瑠衣は震える指で通話ボタンを押し、かすれた声を絞り出した。

『どうして……私の作品が、陸奥陽菜の名前になっているの?』

通話口の向こうからは、主と同じく凍りつくような冷たい声が響いた。蒼空の黒い瞳には、いつだって温度というものが存在しない。

『これは、君の代わりに陽菜へ償うための判断だ』

その言葉で、瑠衣の胸に抑えきれない怒りが一気にせり上がった。『何度も説明したわよ。あの時あなたを救ったのは、私だって』

『俺は、自分の目で見たものしか信じない』

蒼空の声は穏やかなのに、底が凍りついていた。

瑠衣は、冷たい水を頭から浴びせられたような衝撃に息を呑んだ。唇に浮いた笑みは苦く、胸の奥では大きな空洞が風を呼び込み、骨の奥まで冷え切っていくようだった。

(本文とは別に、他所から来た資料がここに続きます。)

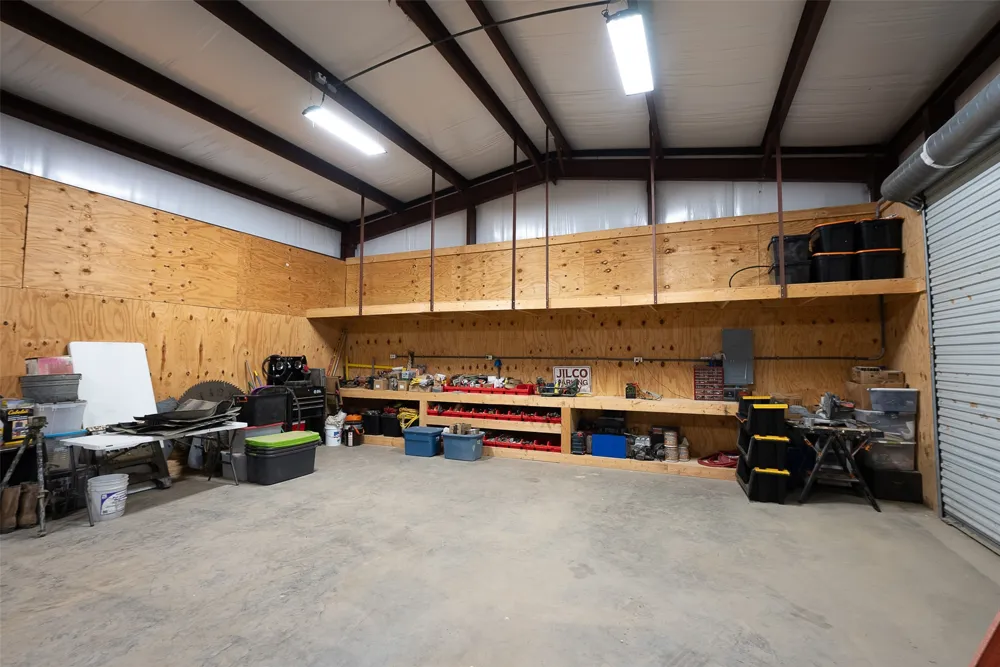 2365 CR 152 Carthage, TX 75633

彼女は深く息を吸い、静かに、しかし凍えるほど冷たい声で言った。『蒼空、この写真は私が命を懸けて撮ったもの。血の滲むような想いを込めた作品よ。陽菜に渡すなんて、絶対に許さない』

蒼空の声には、隠そうともしない軽蔑が滲んでいた。『君に母親の治療費が払えるのか?』

あまりに突然で、意味のつながらない言葉に、瑠衣はスマホを強く握りしめた。手の甲には青い筋が浮かび上がる。

『陽菜を守るために、そんなことで私を脅すの?』

『ただ教えているだけだ。君が俺に逆らう資格なんて持っていないってことを』

胸の奥に、鋭い痛みが走った。

陽菜が現れる前、蒼空はあんなに優しく、思いやりのある人だったのに。今ではもう、その面影すらない。

瑠衣は静かに口を開いた。『私たち、離婚しましょう』

蒼空の声が重く低く変わった。『瑠衣、お前の茶番に付き合う気はない』

『違う、本気だ……』

だが、その言葉が終わる前に、ツーツーツーという無機質な音が耳元で鳴り響いた。

切れた通話画面を見つめながら、瑠衣は必死に口角を上げようとした。だが、抑えきれず、苦い涙がそっと目尻を伝い、手の甲に落ちていった。

離婚する。

そして――陽菜が自分の作品で栄誉を得ることは、絶対に許さない。

瑠衣は最速で退院手続きを済ませた。